NYT and the Defense Budget

The Editors at The New York Times today gave us their views on the Defense Budget for Fiscal Year 2012.  They make some very good points, but some other points leave me wondering if they understand defense planning and budgeting.  For example,
The $300 billion F-35 Joint Strike Fighter program has already seen costs per plane nearly double from the amount originally budgeted. It should be cut back.
Cutting back a program like the F-35 only runs up the cost per aircraft produced.  If you think we don't need this aircraft, recommend it be killed, now.

Then there is the whinging over the US Marine Corps EVF
Mr. Gates’s proposal to cancel the Marine Corps’s costly and unworkable Expeditionary Fighting Vehicle will save $11 billion in future costs. But $3 billion has already been needlessly spent.
Sunk costs don't count.  They are already spent and gone.  The $3 billion are not part of the equation and should not be thrown up to obfuscate the problem.

Later on, after saying
Air and sea power that can be readily mobilized are vital to American security.
The editors call for this:
Updating the formula to reflect a more realistic division of labor would wring significant savings from the Air Force and the Navy while protecting the Army and the Marines from the multiple combat tours that have strained service members and their families over the last decade.
The problem is that the editors fail to appreciate that it takes a lot longer to crank out a Navy Battle Group or a couple of Air Force Wings than it does to create a new Army Division or Marine Regiment.  We should not mortgage our future by foreclosing future options by scrimping today.

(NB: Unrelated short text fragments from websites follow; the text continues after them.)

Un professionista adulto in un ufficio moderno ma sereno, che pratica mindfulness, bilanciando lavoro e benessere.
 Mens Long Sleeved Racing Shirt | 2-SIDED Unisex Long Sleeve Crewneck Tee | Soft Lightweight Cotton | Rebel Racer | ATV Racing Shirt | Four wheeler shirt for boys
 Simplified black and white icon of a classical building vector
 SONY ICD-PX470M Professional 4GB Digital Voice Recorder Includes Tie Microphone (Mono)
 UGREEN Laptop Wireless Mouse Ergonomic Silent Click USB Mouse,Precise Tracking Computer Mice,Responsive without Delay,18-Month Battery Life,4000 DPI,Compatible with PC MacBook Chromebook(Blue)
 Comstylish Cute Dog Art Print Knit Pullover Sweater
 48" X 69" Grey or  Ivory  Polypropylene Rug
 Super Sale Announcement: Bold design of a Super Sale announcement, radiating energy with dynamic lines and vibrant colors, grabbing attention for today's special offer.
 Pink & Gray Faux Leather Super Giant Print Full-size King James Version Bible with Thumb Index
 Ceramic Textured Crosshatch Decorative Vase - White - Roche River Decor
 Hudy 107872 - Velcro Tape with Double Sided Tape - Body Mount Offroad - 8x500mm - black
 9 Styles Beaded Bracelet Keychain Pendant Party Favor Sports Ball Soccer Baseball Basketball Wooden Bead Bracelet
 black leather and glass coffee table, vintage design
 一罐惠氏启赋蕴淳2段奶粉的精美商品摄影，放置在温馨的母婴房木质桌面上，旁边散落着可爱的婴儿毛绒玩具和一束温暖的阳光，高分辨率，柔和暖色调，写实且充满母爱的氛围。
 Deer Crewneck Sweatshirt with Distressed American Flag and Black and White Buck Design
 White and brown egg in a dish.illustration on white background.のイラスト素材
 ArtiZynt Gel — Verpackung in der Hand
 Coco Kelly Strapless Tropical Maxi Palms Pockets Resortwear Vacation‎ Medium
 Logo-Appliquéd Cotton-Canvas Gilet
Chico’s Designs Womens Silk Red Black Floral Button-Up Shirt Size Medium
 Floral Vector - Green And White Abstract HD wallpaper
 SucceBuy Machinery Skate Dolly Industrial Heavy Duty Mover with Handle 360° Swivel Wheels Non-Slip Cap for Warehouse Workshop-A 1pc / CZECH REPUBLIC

But, most important, the comments and cuts are presented without ANY suggestion of what the forces are for.  Strategy is about
matching objectives, threats and opportunities in a resource constrained environment
What are the objectives and threats that the New York Times envisions?

Regards  —  Cliff

  On the other hand, we have made commitments to other nations regarding this aircraft, and some have provided money for the production, which suggests this is not just something for us alone.